Les autorités de Singapour étroitement contrôlées - longtemps critiquées pour avoir restreint les libertés civiles - insistent sur le fait que de nouvelles mesures sont nécessaires pour empêcher les mensonges de circuler
La nouvelle loi de Singapour pour lutter contre les « fake news » est entrée en vigueur mercredi malgré les critiques des géants de la technologie et des militants, qui a qualifié les règles strictes de tentative « effrayante » d'étouffer la dissidence.
La loi donne aux ministres du gouvernement le pouvoir d'ordonner aux sites de médias sociaux de mettre des avertissements à côté des messages que les autorités jugent faux, et dans les cas extrêmes les faire retirer.
Facebook, Twitter et Google, qui ont leur siège social asiatique à Singapour, ont bénéficié d'exemptions temporaires d'une poignée de dispositions de la loi pour leur donner le temps de s'adapter.
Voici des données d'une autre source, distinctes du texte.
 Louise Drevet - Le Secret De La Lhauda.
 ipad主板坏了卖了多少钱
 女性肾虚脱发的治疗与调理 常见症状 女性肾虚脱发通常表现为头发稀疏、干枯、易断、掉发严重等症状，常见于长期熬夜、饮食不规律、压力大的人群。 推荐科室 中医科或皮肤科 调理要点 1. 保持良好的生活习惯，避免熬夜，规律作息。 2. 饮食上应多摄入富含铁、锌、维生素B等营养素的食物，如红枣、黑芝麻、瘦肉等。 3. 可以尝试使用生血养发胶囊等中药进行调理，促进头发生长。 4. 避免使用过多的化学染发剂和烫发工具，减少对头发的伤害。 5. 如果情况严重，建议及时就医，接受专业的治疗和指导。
Si une action est jugée malveillante et préjudiciable aux intérêts de Singapour, les entreprises pourraient être frappées d'amendes allant jusqu'à 1 million de dollars sg (720 $, 000), tandis que les individus pourraient faire face à des peines de prison allant jusqu'à 10 ans.
Les autorités du pays étroitement contrôlé – longtemps critiqué pour avoir restreint les libertés civiles – insistent sur le fait que des mesures sont nécessaires pour arrêter la circulation de mensonges qui pourraient semer les divisions dans la société et éroder la confiance dans les institutions.
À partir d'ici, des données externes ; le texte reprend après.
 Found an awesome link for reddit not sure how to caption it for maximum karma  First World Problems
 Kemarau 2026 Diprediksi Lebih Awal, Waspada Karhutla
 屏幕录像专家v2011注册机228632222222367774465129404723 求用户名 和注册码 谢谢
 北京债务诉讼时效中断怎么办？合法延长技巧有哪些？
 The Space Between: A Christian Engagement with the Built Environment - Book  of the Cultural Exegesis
Mais les lois ont suscité l'indignation des groupes de défense des droits, qui craignent d'étouffer la discussion en ligne, les entreprises technologiques et les organisations médiatiques.
Les militants craignent que la législation ne soit également utilisée pour réprimer la dissidence à l'approche des élections générales à Singapour, attendu dans les mois, et il y a des inquiétudes que cela pourrait éroder les libertés académiques.
Journaliste et militante Kirsten Han, qui est le rédacteur en chef du média indépendant New Naratif, a déclaré que la législation était "extrêmement préoccupante".
« C'est une loi tellement large qu'il est difficile de prédire comment elle sera appliquée. ", a-t-elle déclaré à l'AFP.
Après l'adoption de la loi en mai, Google a déclaré qu'il craignait que la législation "nuise à l'innovation et à la croissance de l'écosystème de l'information numérique".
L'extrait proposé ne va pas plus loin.